To further investigate the seven miRNA:3UTR pairs in the control group that conferred luciferase inhibition, we used two computational tools (TargetScan Custom v5.2, DIANA microT v2023) [61,62] and predicted EBV BART miRNA targets. Two of the seven miRNA:3UTR pairs (BART7:SOS1, BART22:SIAH1) were captured in DIANA microT predictions, providing an explanation for the observed knockdown. To more broadly evaluate all 137 different miRNA:3UTR combinations, we compared the results of the luciferase assays to the lists of EBV miRNA targets predicted by either DIANA microT or TargetScan. The number of miRNA:3UTR combinations overlapping with each list of predicted targets is shown in Figure 3D. By Fisher’s exact test (p = 0.154 for DIANA microT, p = 0.823 for TargetScan), no significant enrichments were identified in the group of 52 miRNA:3UTR pairs showing knockdown compared to the group of 85 miRNA:3UTR pairs for which there was no response. We also compared our list of functionally validated EBV BART miRNA:mRNA pairs to CLASH-identified miRNA:mRNA hybrids present in Akata BL cells [15]. Surprisingly, very little overlap was found with the 137 sites tested—in fact, only one interaction (RAB11A with miR-BART18–5p) yielding significant knockdown was captured by CLASH. Collectively, these findings demonstrate the continuing need for in vitro, rather than in silico, biochemical methods to examine viral miRNA target interactions.
Taken together, our assessment of 137 different combinations of BART miRNAs and human 3′UTRs identified 52 combinations that yielded > 20% knockdown, demonstrating these as functional EBV miRNA target sites. Direct biochemical evidence by Ago-CLIP was documented for 45 of these sites, while two additional 3′UTR targets could be explained by a predicted canonical seed match (≥7mer1A) to either EBV miR-BART7 or miR-BART22.

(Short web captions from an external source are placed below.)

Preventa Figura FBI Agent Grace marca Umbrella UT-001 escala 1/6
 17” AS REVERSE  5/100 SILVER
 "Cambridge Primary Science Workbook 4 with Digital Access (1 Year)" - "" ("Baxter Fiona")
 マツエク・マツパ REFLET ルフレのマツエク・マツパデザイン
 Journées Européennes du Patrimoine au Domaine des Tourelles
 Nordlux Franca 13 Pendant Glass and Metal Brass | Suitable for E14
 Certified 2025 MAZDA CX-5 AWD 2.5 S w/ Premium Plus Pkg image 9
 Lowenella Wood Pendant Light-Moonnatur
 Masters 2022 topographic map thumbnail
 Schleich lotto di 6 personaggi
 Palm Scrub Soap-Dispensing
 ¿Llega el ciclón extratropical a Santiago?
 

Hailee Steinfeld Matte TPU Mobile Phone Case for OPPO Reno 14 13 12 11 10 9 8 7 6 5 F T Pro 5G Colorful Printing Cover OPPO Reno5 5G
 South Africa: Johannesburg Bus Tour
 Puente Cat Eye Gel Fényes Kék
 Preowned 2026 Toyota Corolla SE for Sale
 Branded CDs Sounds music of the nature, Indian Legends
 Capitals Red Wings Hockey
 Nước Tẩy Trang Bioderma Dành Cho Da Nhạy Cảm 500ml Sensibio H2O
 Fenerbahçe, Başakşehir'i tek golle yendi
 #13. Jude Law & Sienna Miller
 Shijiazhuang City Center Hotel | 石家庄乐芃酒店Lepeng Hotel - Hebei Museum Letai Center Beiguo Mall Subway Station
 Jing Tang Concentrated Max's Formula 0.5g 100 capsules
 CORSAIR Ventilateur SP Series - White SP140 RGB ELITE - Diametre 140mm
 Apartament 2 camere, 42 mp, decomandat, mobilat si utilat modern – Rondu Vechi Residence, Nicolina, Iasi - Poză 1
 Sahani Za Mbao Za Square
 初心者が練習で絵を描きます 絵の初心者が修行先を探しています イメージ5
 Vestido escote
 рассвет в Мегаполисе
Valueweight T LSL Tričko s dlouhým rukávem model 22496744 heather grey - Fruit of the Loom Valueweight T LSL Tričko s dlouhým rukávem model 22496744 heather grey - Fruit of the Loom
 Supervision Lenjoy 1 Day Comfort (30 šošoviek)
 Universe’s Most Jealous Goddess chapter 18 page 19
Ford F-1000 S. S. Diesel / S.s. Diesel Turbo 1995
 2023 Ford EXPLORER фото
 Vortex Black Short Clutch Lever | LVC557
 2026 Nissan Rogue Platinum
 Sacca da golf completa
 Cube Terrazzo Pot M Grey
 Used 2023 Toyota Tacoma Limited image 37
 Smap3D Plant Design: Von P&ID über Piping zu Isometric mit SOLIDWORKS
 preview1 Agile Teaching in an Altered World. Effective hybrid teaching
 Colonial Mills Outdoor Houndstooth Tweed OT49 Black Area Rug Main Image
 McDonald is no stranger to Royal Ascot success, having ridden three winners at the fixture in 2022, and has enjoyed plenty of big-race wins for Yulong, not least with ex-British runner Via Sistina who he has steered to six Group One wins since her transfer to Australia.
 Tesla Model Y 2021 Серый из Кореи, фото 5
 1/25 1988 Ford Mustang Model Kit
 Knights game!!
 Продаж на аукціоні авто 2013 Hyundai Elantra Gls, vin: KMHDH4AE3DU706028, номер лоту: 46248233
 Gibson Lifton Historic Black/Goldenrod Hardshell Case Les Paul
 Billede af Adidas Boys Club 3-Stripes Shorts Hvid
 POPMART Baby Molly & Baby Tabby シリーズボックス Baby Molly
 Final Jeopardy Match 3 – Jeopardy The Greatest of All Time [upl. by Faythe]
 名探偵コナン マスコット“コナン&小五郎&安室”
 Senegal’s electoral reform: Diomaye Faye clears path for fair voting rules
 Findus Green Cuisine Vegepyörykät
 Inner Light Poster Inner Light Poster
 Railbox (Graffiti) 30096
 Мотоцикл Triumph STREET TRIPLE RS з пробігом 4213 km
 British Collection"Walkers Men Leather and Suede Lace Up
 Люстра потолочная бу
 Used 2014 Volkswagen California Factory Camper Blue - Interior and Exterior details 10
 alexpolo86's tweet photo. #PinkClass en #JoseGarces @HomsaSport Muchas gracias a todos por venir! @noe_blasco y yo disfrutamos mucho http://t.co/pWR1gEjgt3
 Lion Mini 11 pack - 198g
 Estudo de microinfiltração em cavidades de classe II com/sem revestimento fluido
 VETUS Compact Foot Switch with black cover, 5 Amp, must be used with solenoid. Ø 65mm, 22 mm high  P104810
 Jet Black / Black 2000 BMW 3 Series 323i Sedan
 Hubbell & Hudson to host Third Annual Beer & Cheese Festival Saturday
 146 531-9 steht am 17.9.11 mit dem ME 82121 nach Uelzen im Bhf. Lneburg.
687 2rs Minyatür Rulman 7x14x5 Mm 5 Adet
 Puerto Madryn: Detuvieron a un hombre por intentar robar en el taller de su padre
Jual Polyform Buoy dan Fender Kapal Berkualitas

3.4. Targets of EBV BART miRNAs Are Involved in B Cell Differentiation, Cell Cycle, and Intracellular Trafficking

Through our luciferase reporter assays, we validated cellular targets of EBV BART miRNAs that are known to be involved in B cell differentiation (PRDM1, IRF4, MYC), regulation of the cell cycle (UHMK1, CDKN1A, MDM2, NPAT), signal transduction (GAB1, SOS1, MAPK1), NF-kB signaling (TANK, TNFAIP3), apoptosis (MCL1), and intracellular trafficking (RAB11A, CAV1, RANBP9). Extending findings from our previous analysis of EBV miRNA targets related to IFN signaling [28], we also validated IRF9, IFIT2, and IFNAR2. The complete list of genes evaluated in luciferase assays is reported in Table S3. Table S4 lists the glossary of genes evaluated in this study. Figure 4 highlights categories of targets with similar biological functions and shows the individual 3′UTR reporters tested against various EBV BART miRNAs.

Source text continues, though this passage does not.